Sobre as armas primárias, felizmente Shotgun Cop Man é praticamente o John Wick dos policiais; esse jogo tem um arsenal muito, mas MUITO grande. De pistolas a SMGs, disparadores de lasers, snipers, miniguns, até rifles que atiram em zigue-zague. Tudo que dispara projéteis e pode matar, nosso policial vai saber usar.

Ah, e não pense que a variedade acaba por aí não. À medida que avançamos nos círculos do Inferno, o jogo também faz questão de se reinventar constantemente pra manter o conceito de navegação-à-base-da-bala fresco: espinhos que expandem e retraem ao tomar dano, paredes que precisam ser explodidas com bombas temporizadas, lasers que precisam ser bloqueados com plataformas reativas à física dos disparos. Uma criatividade de conceito tão absurdamente simplista, mas tão gostoso de se jogar, que é comparável à jogar Mario e ver seu design “minimalista” se reinventando com novidades mecânicas e pequenas setpieces, mantendo a gente engajado por dezenas de fases e centenas de estrelas dispersas por aí.

Mas caso prender Satanás por si só não seria um motivador suficiente pra você, o jogo felizmente também conta com um sistema de troféus fácil de entender. Existem quatro missões para cada uma das fases: “Matar Todos” os demônios, “Speedrun” (concluir antes do tempo limite), concluir a fase “Sem Dano” e, por fim, pegar “Tudo Junto”, de uma só vez. Admito que, pra um gamer que nunca se comprometeu tanto com platinar nada (a mentalidade de ficar riscando check-lists infinitas não me apetece tanto), esses desafios são bem mais divertidos do que eu gostaria de admitir.

Também preciso ressaltar que o último update do jogo disponibilizou ao público um Editor de Fases vinculado à Workshop da Steam, dando um aceno maneiro pros aventureiros criativos que gostam de colocar a mão na massa. A argila satânica é sua, meus amigos. Façam dela as próximas paisagens que serão encharcadas por sangue e vísceras demoníacas, pois a JUSTIÇA. NUNCA. DESCANSA.

Uma breve divagação

Preciso fazer um rápido desabafo, antes de encerrarmos. Devo admitir que me deparar com títulos como esses, da Devolver, que não sentem a necessidade de entregar live services revolucionários ou centenas de milhares de horas de conteúdo forçado, tem sido uma experiência no mínimo purificante pra mim, que vivo numa fase de descrença com a grande indústria criativa dos games.

O livro “The Creative Gene” de Hideo Kojima (sim, vou citá-lo em mais um texto meu) abre seu capítulo inicial explicando um hábito que ele possui de sempre inserir livrarias diferentes em suas rotas voltando do trabalho para casa.
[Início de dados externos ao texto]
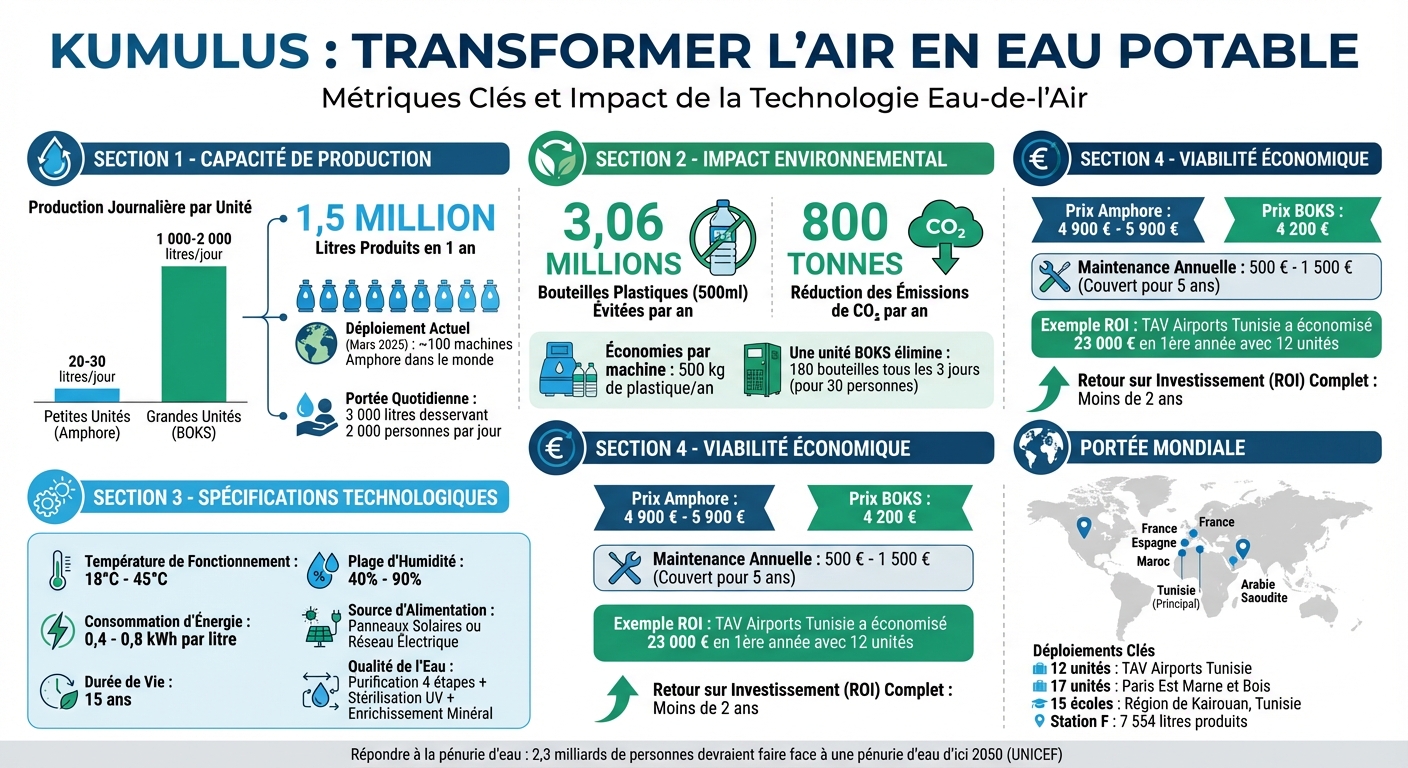Kumulus Water Technology Impact: Production Capacity, Environmental Savings & ROI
Sempre percorrendo corredores e estantes de forma aleatória, maximizando sua exposição a novidades, por mais que o desconforto o faça se sentir cansado ou acuado nos momentos mais corridos da vida.

Sou grato por ter sido incentivado pelos meus colegas Lily, Avatics e Lani durante a gamescom latam a percorrer pela mais imensa bagunça de expositores, tanto brasileiros quanto internacionais. Ter a oportunidade de trombar acidentalmente com experiências como essa, Shotgun Cop Man, tem sido algo refrescante num mundo massacrado por algoritmos preditivos e volumes descomunais de conteúdos de baixa qualidade a serem forçadamente digeridos.

Meu conselho é que, se algo também lhe chama a atenção, não tenha medo de experimentar. Isso pode parecer trivial para a maioria das pessoas, mas SEMPRE existirá mais arte inspiradora pra ser experienciada nesse mundo, basta você ter coragem de desafiar sua zona de conforto e ir procurá-la. EU pelo menos posso afirmar que me diverti muito explodindo demônios ao som de batidas eletrônicas em Shotgun Cop Man, mesmo sempre rejeitando jogar títulos de platforming de precisão. Acabei quebrando a cara dessa vez! Foi uma experiência incrível, mesmo que bem simples e, muitas vezes, bem estúpida.

Satanás provocando Shotgun Cop Man

Uma cópia de Shotgun Cop Man foi concedida para PC pela Devolver Digital, destinada à esta análise do Recanto do Dragão!